Non, ce qui a été proposé par le Gouvernement, c’est la seule et simple mise à disposition du public de ce matériel sur des sites sélectionnés et, accessoirement, sous forme physique dans les mairies et les préfectures.
Cela revient, en gros, à dire à chaque électeur : « À toi citoyen d’aller t’informer en allant naviguer à vue dans la jungle d’internet ! Tu ne reçois pas les données ; va les chercher ! »
Sous couvert d’économies et de modernisation des moyens de l’État, c’est à un accès inéquitable à la vie politique qu’on tente ainsi de nous préparer. Et cela, nous ne pouvons l’accepter !
Passons à présent à l’épineuse question du financement public des partis politiques. On peut évidemment discuter de son niveau, mais, au-delà de la discussion sur son niveau global et du nécessaire contrôle rigoureux qui doit en être fait, c’est une nouvelle fois la question de l’équité démocratique qui doit nous guider.

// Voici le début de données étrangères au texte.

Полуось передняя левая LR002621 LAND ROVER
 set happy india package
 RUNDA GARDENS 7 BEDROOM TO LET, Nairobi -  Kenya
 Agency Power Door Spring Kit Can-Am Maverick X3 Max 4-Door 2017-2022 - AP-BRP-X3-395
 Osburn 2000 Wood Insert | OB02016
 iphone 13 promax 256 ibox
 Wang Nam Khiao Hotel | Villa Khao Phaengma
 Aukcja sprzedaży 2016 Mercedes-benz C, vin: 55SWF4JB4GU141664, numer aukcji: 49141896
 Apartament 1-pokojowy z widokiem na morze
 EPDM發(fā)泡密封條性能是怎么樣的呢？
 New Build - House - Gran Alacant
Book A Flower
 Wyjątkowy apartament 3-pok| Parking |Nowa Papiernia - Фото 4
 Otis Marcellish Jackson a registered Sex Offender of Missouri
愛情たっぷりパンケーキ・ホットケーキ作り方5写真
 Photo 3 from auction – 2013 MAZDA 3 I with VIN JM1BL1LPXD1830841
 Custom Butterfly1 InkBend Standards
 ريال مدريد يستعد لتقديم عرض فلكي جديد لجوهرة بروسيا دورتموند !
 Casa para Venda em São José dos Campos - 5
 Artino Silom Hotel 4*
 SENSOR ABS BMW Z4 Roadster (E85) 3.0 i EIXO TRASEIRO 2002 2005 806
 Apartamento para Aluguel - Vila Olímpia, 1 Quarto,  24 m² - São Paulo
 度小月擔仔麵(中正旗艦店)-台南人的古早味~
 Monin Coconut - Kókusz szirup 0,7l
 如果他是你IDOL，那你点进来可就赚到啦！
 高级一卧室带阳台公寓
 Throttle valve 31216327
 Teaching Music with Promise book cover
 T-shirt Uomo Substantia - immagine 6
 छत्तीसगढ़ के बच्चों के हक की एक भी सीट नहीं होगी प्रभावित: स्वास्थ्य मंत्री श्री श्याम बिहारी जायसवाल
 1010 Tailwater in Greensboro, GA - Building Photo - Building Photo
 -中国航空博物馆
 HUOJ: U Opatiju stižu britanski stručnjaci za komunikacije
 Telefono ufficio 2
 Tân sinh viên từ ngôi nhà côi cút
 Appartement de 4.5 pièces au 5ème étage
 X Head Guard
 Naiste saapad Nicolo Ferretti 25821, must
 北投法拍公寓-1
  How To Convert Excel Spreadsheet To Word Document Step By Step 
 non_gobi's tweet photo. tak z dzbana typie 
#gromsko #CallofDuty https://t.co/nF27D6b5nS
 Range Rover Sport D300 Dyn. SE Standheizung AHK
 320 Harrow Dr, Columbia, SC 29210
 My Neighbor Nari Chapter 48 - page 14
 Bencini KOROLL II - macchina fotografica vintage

Aujourd’hui, la subvention accordée à chaque parti dépend du résultat qu’il a obtenu lors du premier tour des élections législatives et du nombre de parlementaires se réclamant de lui.
Bref, le résultat des seules législatives est ainsi déterminant pour la définition de plus des trois quarts des sommes allouées aux formations politiques durant cinq ans.
Or, que constate-t-on avec l’adoption du quinquennat et du calendrier électoral, qui situe la tenue des législatives dans la foulée immédiate de la présidentielle ?
Premièrement, que les élections législatives ont été profondément dévaluées dans la hiérarchie des scrutins nationaux, avec une augmentation d’au moins dix points du taux d’abstention à ces élections au cours des dernières années !
Deuxièmement, que la représentation du poids réel de chacune de nos familles politiques est non seulement distordue par le mode de scrutin majoritaire qui est le nôtre, mais que cette distorsion est encore accrue par le phénomène d’abstention différentielle engendrée par l’ordonnancement actuel du calendrier électoral. Cette situation rend la représentation des familles politiques à travers le premier tour des législatives très discutable.
Monsieur le secrétaire d’État, il existe heureusement de nombreuses solutions pour rétablir un semblant d’équité dans le financement public des partis et mieux tenir compte de leur poids réel dans la société !
L’adoption de la proportionnelle pour les élections législatives résoudrait une bonne partie du problème…
L’autre possibilité, qui n’est d’ailleurs pas exclusive de la première, consisterait à intégrer au sein de la fraction du financement des partis qui repose aujourd’hui sur le nombre de voix obtenues lors du premier tour des législatives les résultats obtenus par les formations politiques lors des élections départementales, régionales et européennes.
Et puisqu’il est toujours de bon ton, par les temps qui courent, de nous comparer avec l’Allemagne, je signale que c’est un système de ce type qui est en place outre-Rhin pour déterminer le financement de chacun des partis politiques !
L’un des grands avantages de ce système est d’être dynamique, en cherchant à tenir compte du poids respectif des familles politiques dans la société, mais aussi de son évolution tout au long du quinquennat.
Alors évidemment, ces questions sont complexes et ne peuvent pas être réglées dans le cadre du seul projet de loi de finances, mais nous devons nous en préoccuper de manière urgente si nous voulons mieux faire vivre la diversité et la vivacité de notre débat public.